Lenny Goldberg, a lobbyist with The Utility Reform Network, called the two-hour discussion “a frank exchange of views”–ordinarily, the sort of assessment diplomats make after a particularly unpleasant meeting. “The governor was listening and learning,” he said.

Goldberg said all sides did agree on one thing: They supported a lawsuit filed by Edison against the Federal Energy Regulatory Commission demanding that it cap rates in California’s wholesale electricity market.

Goldberg also said consumer advocates warned the utility executives and Davis that there are myriad consumer issues to deal with if the PUC chooses to lift the rate freeze imposed under deregulation. “We told them it would be disastrous to simply announce the end of the rate freeze,” he said.
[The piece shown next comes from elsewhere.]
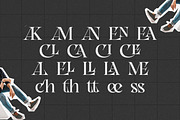 Slagless - Urban Display Serif, a Serif Font by Almarkhatype (Thumbnail 10 of 12)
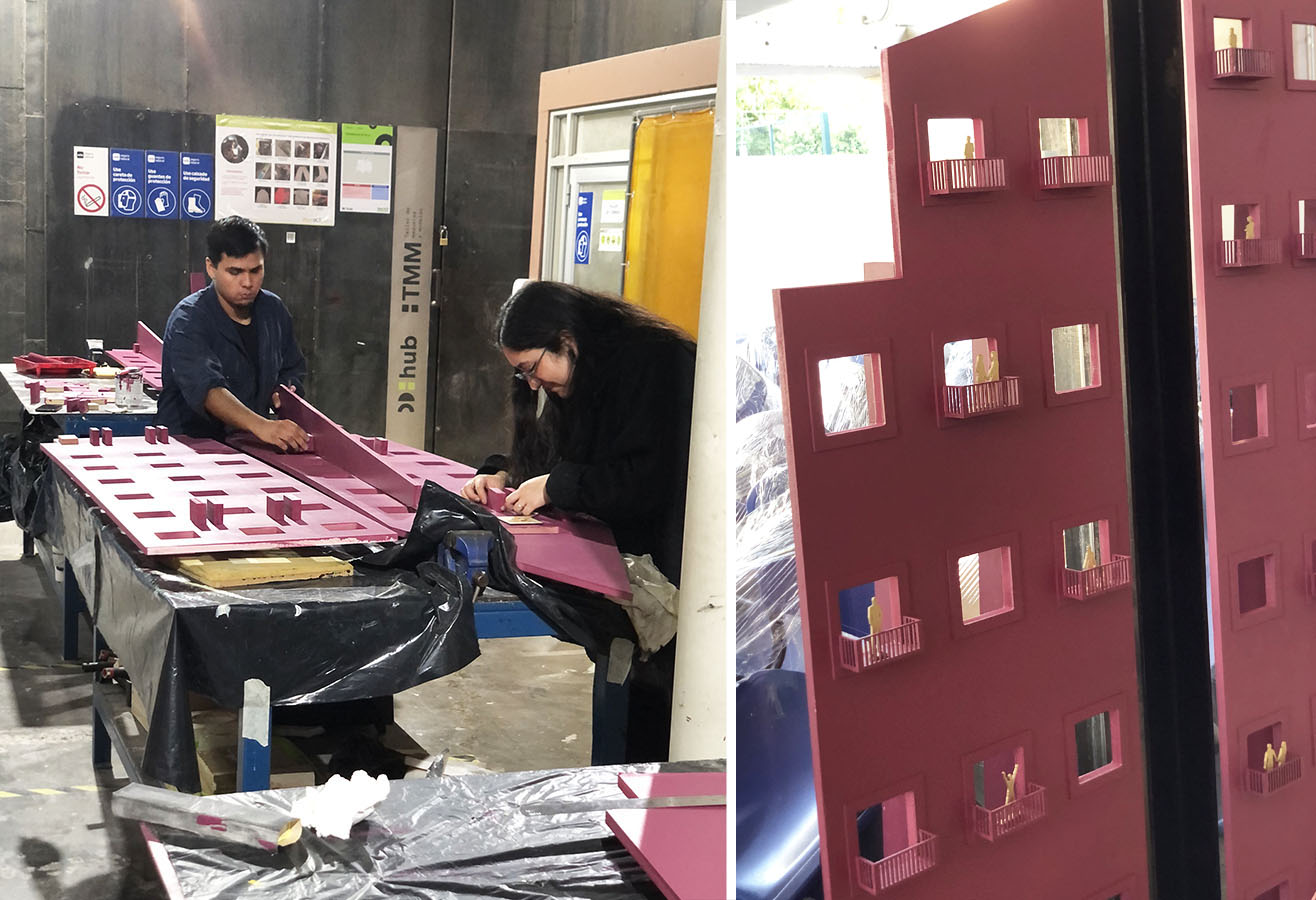 Pesebre Hall Casa Central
One of the consumer advocates, Harvey Rosenfield of the Santa Monica-based Foundation for Taxpayer and Consumer Rights, suggested that the utilities make consumers partners in a bailout by giving them shares of stock. One of the utility representatives, speaking on condition of anonymity, rolled his eyes when asked about Rosenfield’s idea and said he considered it one of many impractical suggestions floated by the consumer groups.